= Globe Unity Orchestra =

Free jazz ensemble

The Globe Unity Orchestra is a free jazz ensemble.

Globe Unity was formed in autumn 1966 with a commission received by Alexander von Schlippenbach from the Berlin Jazz Festival. It had its debut at the Berliner Philharmonie on 3 November combining Gunter Hampel's quartet with Manfred Schoof' s quintet and Peter Brötzmann's trio: Hampel (bcl, fl); Willem Breuker (bs, ss); Schoof (tp) with Gerd Dudek (ts); Alexander von Schlippenbach (p); Buschi Niebergall (b) and Jaki Liebezeit (d) on one side, Brötzmann (saxophones), Peter Kowald (b, tuba), Sven-Åke Johansson (d) on the other.
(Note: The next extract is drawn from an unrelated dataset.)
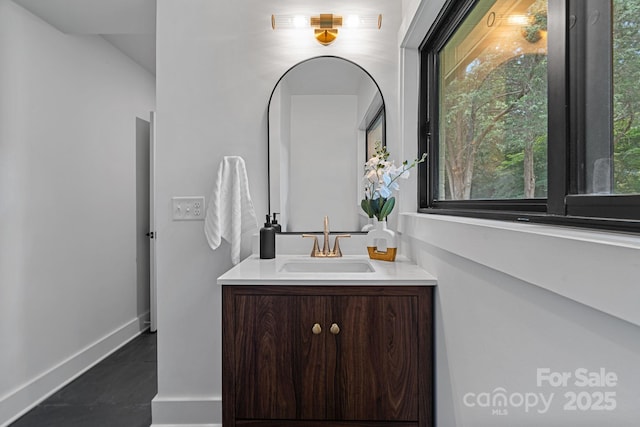 4209 Windwood Cir, Charlotte, NC 28226 - bathroom with vanity, tile patterned flooring, and healthy amount of natural light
During the next years this core group was completed by other European and American musicians: Johannes Bauer (tb), Anthony Braxton (as, cl), Willem Breuker (ts), Rüdiger Carl (as, ts), Günter Christmann (tb), Gunter Hampel (bcl), Toshinori Kondo (tp), Steve Lacy (ss), Paul Lovens (drums), Paul Lytton (drums), Albert Mangelsdorff (tb), Evan Parker (ss, ts), Michel Pilz (bcl, cl, bars), Ernst-Ludwig Petrowsky (as, cl, fl), Enrico Rava (tp), Paul Rutherford (tb), Heinz Sauer (ss, ts), Bob Stewart (tuba), Tomasz Stańko (tp), and Kenny Wheeler (tp).

The Orchestra has been described as providing "the most remarkable assemblies of outside jazz talent since the AACM big bands".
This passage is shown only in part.